Yüz yüze , göz göze geldiler.
Yusuf güzel yüzlü ,beyaz sakallı bir ihtiyar görmüştü karşısında.
Hasan efendi ise karşısında genç bir delikanlıdan çok daha fazlasını. Maddeden çok mana görürdü.
Nesneden çok can görürdü.
Etten çok ruh görürdü.
Kişi nasıl bakarsa öyle görürdü.
Kalp nasıl isterse göz öyle görürdü.
Burnuna gelen koku rüzgar ve çamların kokusu değil, daha çok Yusuf'un ciğerinde ki yanığın kokusuydu. Biraz da günah ve yorgunluk eklenmişti.
Yusufu  engel olamadığı bir titreme almıştı. Bitmek bilmeyen.
Haplardan mı yoksa Hasan efendiden kaynaklı mı bilinmeyen bir titreme.
Dağ gibi güçlü Yusuf ilk defa titriyordu belkide.

"Gel buraya delikanlı. Günaha girme" 

"Sen kimsin karışma bana."

"Ben Allahın kuluyum. "

"Ben değilim.Defol git buradan"

"Gidemem.Yüreğim burada kalır."

"Kalmasın yüreğin.Hak ettim ben bunu."

"Tövbe et kurtul çocuğum"

"inanmıyorum edemem. "

"inan evladım .Beni buraya gönderip seni kurtarmama vesile eden hakikate inan "

"Tesadüftür.Olmaz öyle şey."

"Tesadüf yoktur  Yusuf.Sana serseri desinler aldırma, bence sen deli Yusufsun."

Yusuf kendisini hiç tanımayan bir adamın bunları nereden bildiğine şaşırmıştı.

"Magazin haberlerinden mi gördün beni ihtiyar.Nereden tanıyorsun?Adımı nereden biliyorsun? "

"Tövbe de oğul.
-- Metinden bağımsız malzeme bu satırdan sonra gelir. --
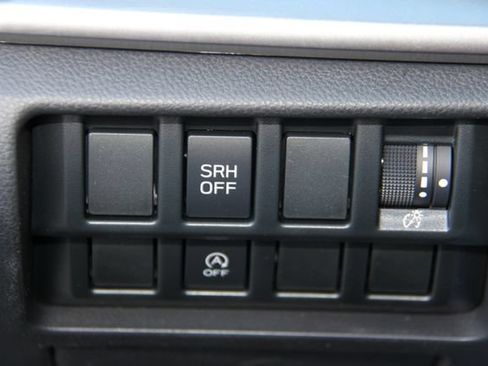 Used 2023 Subaru Forester Premium AWD/4WD image 30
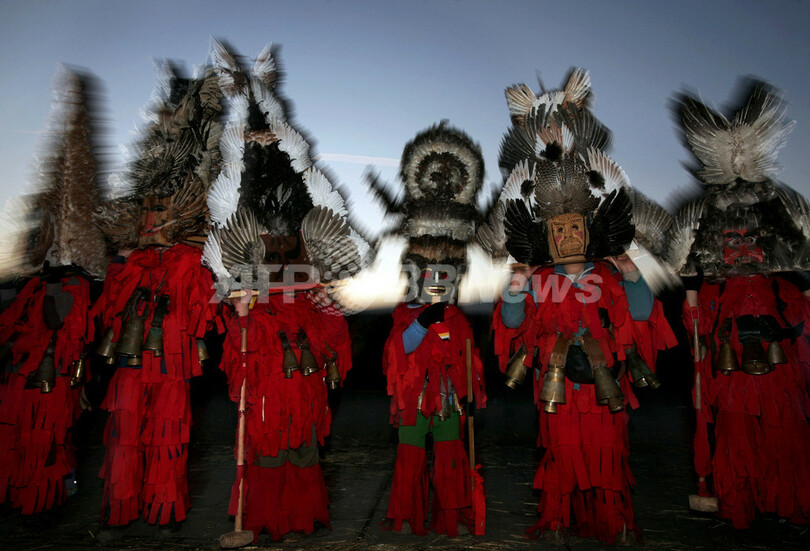 ブルガリアで仮面のフェスティバル開催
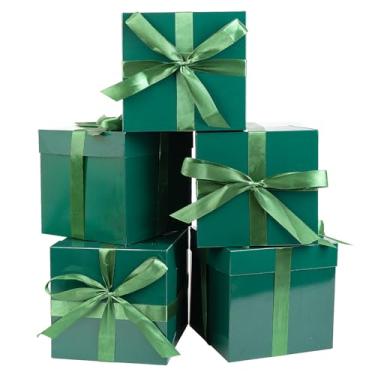 Imagem de Jaywayang Pacote com 5 caixas de presente verdes com tampas, fitas e papéis de seda caixas de presente quadradas - 18 cm - caixas de presente de Natal para embrulhar o dia de São Patrício, caixas de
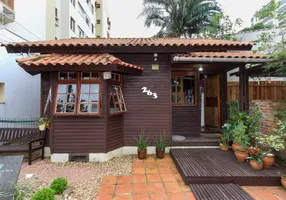 Foto 1 de Casa com 2 Quartos à venda, 150m² em Centro, Canoas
Ben izlemem öyle şeyler.Deliye malum olur derler.Bende senin gibi bir deliyim işte."

"Gel sana hakikati anlatayım."

İşte bu cümle Yusuf'un miladı olmuştu.
Aradığı hakikati sonunda bulmuştu. Günlerce konuşup dertlestiler.
Yusuf kafasında ki sorulara cevap bulmuştu.
Yusuf hakikati bulmuştu.
Yusuf küllerinden doğmuştu.
Bitti dediği anda doğmuştu.
Yok oldum dediği anda var olmuştu.
Yusuf topraktı.
Toprak Yusuftu.
Toprak temizdi.
Yusuf  da temizlenecekti.

Bu kadar günahtan sonra mümkün müydü? Telafi olur muydu? Kirlenmiş  sayfalar yeniden beyaz olur muydu?
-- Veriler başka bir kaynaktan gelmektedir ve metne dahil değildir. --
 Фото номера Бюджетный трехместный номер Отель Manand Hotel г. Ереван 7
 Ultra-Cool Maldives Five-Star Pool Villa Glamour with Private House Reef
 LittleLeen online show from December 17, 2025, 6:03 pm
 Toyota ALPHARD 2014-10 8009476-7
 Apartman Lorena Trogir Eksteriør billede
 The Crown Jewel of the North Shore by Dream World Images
"Hocam şimdi daha fazla inanıyorum.Daha fazla dedi. "
Heyecanı sesini arttırıyordu.

"Ama çok günahım var " dedi büktü boynunu.

"Hepsine tövbe edip helallik alacaksın deli Yusuf.
O zaman kurtulacaksın sırtında ki yüklerden."

"Affetmezler hocam. Benim günahlarım affedilmez . Ela affetmez hocam."

"Ela'da kim?"

"Ben ona çok büyük kötülük ettim hocam."

"Ne yaptın oğul?"

Yusuf ağlamaya başladı . Dövünüyordu. 

Hasan Hoca tekrar sordu.

''Ne yaptın oğul?''

Sessizce fısıldadı. Utanıyordu.

"Hamile bir kadını ortada bıraktım hocam."